See more of Anderson's on-camera interview about his wife's alleged crime Friday morning on "Good Morning America."
In an earlier telephone interview with ABCNews.com, Anderson maintained the academic community at the university shares some of the blame for the shootings.
"I have worked around Ph.D.s before and they are pretty much the same," Anderson said. "Psychologically, they run hot and cold. That's why we are asking the news media to investigate that whole world that no one knows of. We are referring to an isolated group, like monks, and no one knows what goes on there."
However, the campus shootings are not the first violent crimes with which Bishop was involved. Her fatal shooting of her brother in 1986 was declared an accident. She was questioned, but not charged, during a mail bomb investigation in 1993. She admitted in court in 2002 that she punched a woman in an IHOP. And last year, some of her students petitioned to have her removed from the classroom.
Anderson talks to Bishop for a few minutes daily on the phone, but as of Wednesday had not been allowed to visit her.
"She calls about the kids," Anderson earlier told ABC News. "Are they doing their homework?"
Their four children, aged 8 to 18, are aware of their mother's arrest, Anderson said, though the youngest one doesn't fully comprehend what it all means.
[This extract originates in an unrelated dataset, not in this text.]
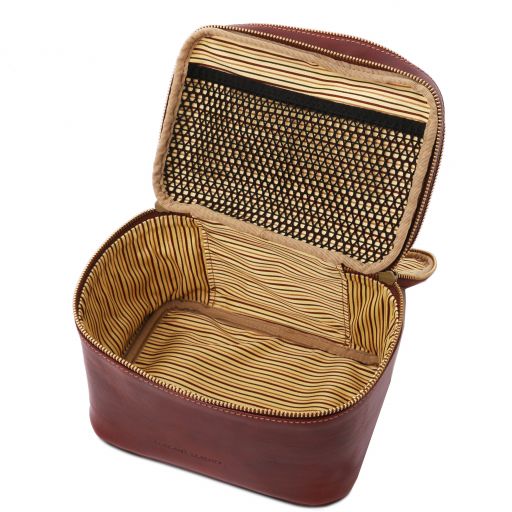 Eliot - Trousse de toilette en cuir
Whatever the reason for the shootings, a woman considered Bishop's best friend on campus told ABC News' "Good Morning America" this week that she saw Bishop pointing and firing a gun at the staff meeting, and may have survived only because the gun evidently jammed or ran out of bullets.
Debra Moriarity, 55, a professor with a lab next to Bishop's, said she pleaded for her life.
"I know I yelled at her, 'Amy, think about my grandson, think about my daughter," the Alabama professor told "GMA."
Moriarity said her friend was unmoved by her pleas.
"She ... pointed the gun at me and pulled the trigger. And it clicked and clicked again. She moved around a little. Click," Moriarity said. "I'm here talking to you today because the gun didn't fire."
New details also emerged this week about Bishop's killing of her brother, Seth Bishop, 18, in Braintree, Mass., in 1986.
The shooting at her family's home was deemed an accident and Bishop was not charged. But records show Amy Bishop was armed with a shotgun and crouching behind a car when she was taken into custody.
"I drew my service revolver and yelled three times drop the rifle," Officer Timothy Murphy wrote. "After the third time she did."